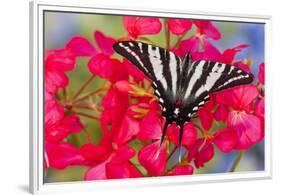 Zebra Swallowtail, North American Swallowtail Butterfly-Darrell Gulin-Framed Premium Photographic Print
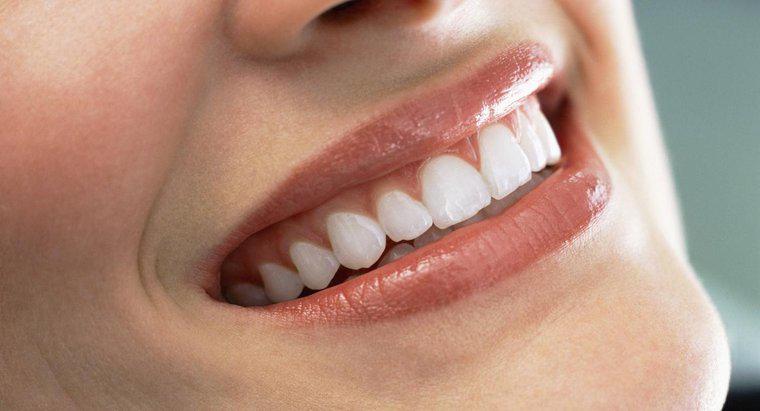 Les adultes peuvent-ils faire pousser de nouvelles dents ?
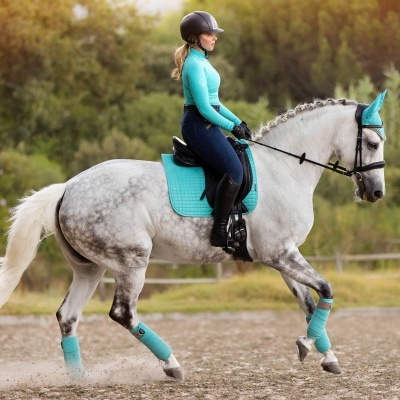 Cavalo cinzento com sela azul turquesa e cavaleira com roupa azul turquesa ao ar livre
=====
After removing the pictures, transcribe the listing above exactly.

> _Solution to the exercise_:
 Zebra Swallowtail, North American Swallowtail Butterfly-Darrell Gulin-Framed Premium Photographic Print
 Les adultes peuvent-ils faire pousser de nouvelles dents ?
 Cavalo cinzento com sela azul turquesa e cavaleira com roupa azul turquesa ao ar livre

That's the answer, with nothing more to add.